Jean-Pierre Jeunet is a game and irreverent filmmaker, but he has a heart of romantic
gold. He loves people, and if any of his characters get out of hand, there is retribution
at hand. Always funny retribution. But Amélie is not about that at all. That's just one
of the many side trips and sub-stories, incidentals and asides, in what is a film full of
them. There is more business in the film than actual story, and you can search most of it
for meaning in vain. Some of the recurring elements you may wish to interpret as metaphors
for something include photographs, dreams and cats. Of course, apart from all that, it is
as ever, a search for self and love. It is also more inventive and energetic than a dozen
conveyor belt teen comedies from Hollywood studios aching for a buck.
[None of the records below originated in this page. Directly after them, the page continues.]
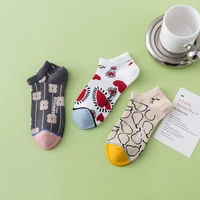3 pairs casual cute women no show socks summer novelty girls funny invisible cotton ankle socks low cut invisible boat socks set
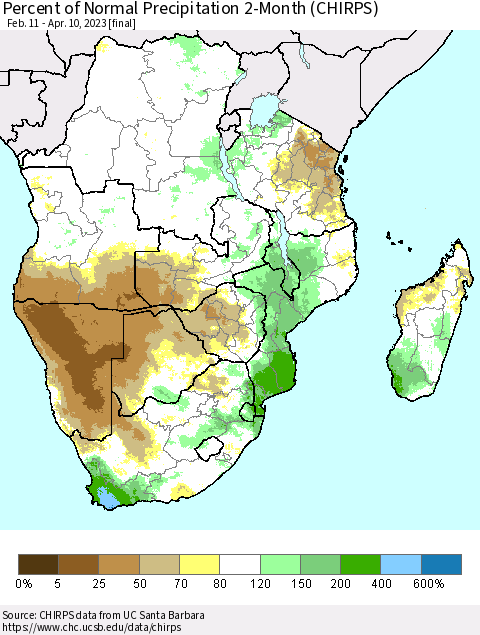 Southern Africa Percent of Normal Precipitation 2-Month (CHIRPS) Thematic Map For 2/11/2023 - 4/10/2023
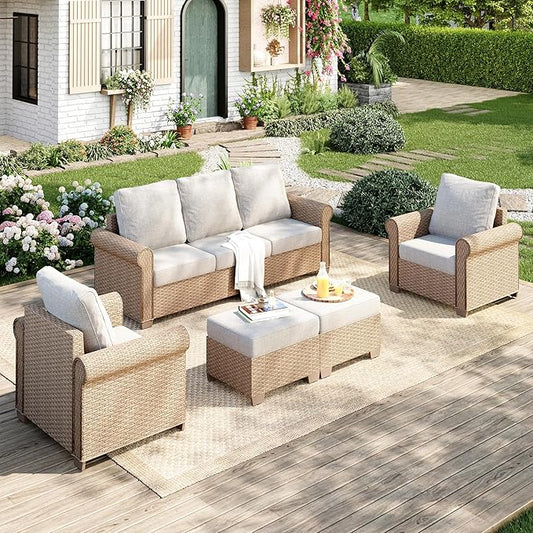 Patio Furniture Set 5 pcs, Wicker Outdoor Patio Furniture, 3-Seat Sofa, 2 Single Chairs and 2 Ottomans, Rattan Patio Conversation Set for Backyard Deck, Beige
As for the DVD, it is a perfect match for film's heart. For example, if you ever are in
need of cheering up or a bit of a lift, just switch on the extra called Audrey Tatou's
Funny Faces. It's really just a compilation of outtakes, but concentrating on Audrey's
funny faces….as it says.
Then there's the fabulous destiny of Audrey Tatou who is to become Amélie, and we see at
the start of the Making of doco, how the actress with long hair is transformed
(metamorphosed, says the screen card) into Amelie with short hair. And like much of the
DVD extra content, this is accompanied by that piano accordionist who plays like an angel.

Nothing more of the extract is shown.